With golf season underway, many of us are looking forward to finally getting back on the greens. Golf is an excellent way to get some exercise while enjoying the great outdoors. But despite the quiet tranquility of the golf course, this popular sport can have a violent impact on the spine. The repetitive motions associated with golf puts immense strain on the muscles, ligaments and bones. Aside from spinal damage, overuse injuries are also seen in the forearm, shoulders, elbows and back.
Many amateur golfers haven’t mastered the correct way to swing. When you combine golf’s complex twisting motions with an awkward stance and lack of balance, injury is bound to occur. If you’re inexperienced or have been off-course for quite some time, be cautious as to how you re-enter the sport. To avoid injury, follow our tips on getting back into the swing of things this golf season.
Get in shape with cardio
So many of us spend the winter months cooped up indoors with barely any exercise.
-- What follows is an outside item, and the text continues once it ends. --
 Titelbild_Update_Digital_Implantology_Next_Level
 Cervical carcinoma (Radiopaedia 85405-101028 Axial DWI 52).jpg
Before heading back on the golf course, take some time to improve your general fitness. Cardiovascular exercise is a great way to enhance your endurance levels and get your body limber. Consider activities like swimming, jogging or even riding a stationary bike.
Focus on exercises that strengthen the lower body. In golf, stable hips and legs are key as your upper body rotates for a swing. Golf Digest has published an excellent cardiovascular workout that will help improve your game. The best part is you don’t have to invest in expensive gym equipment. A pair of good sneakers and a bit of commitment is all it takes to get your body primed for golf season.
If you’re already suffering from chronic pain or wear-and-tear issues, consider physiotherapy. A physiotherapist can help you recover, so you can get back on the green in no time by restoring function to key muscle groups through corrective exercises, manual therapy and clinical conditioning.
Work on golf fundamentals with a coach
If you’ve never had a proper golf lesson, consider getting a coach to help you with technique. Correct form is crucial in avoiding spinal injuries, and minimizing damage to other areas of the body. A professional coach can offer technical assistance to develop or adjust your swing. Even if you’ve been playing with bad form for years, it’s never too late to re-learn the basics.
Physiomed offers programs that improve athletic performance. Our team of professionals can ensure your health isn’t getting in the way of your game. Strengthen your golf swing with our customized conditioning program that will assess:
- Range of motion in your hips, shoulders and back
- Postural issues that may hinder proper rotation of the torso
- Stability in your feet and joints
- Strength performance in key muscle groups, including forearms and shoulders
With expert guidance, you’ll learn how to minimize stress on your spine as you engage in the swinging process. A professional coach can also help you maximize the power of your stroke. You’ll learn how to control your balance, when to shift your weight, and how to maintain a fluid sequence of movement from start to finish.
Stretch before each game
Warming up prepares your heart, lungs and muscles for the real strenuous work your body is about to do. Muscle elasticity is key for increasing strength and improving stability -- two very important things for a successful game.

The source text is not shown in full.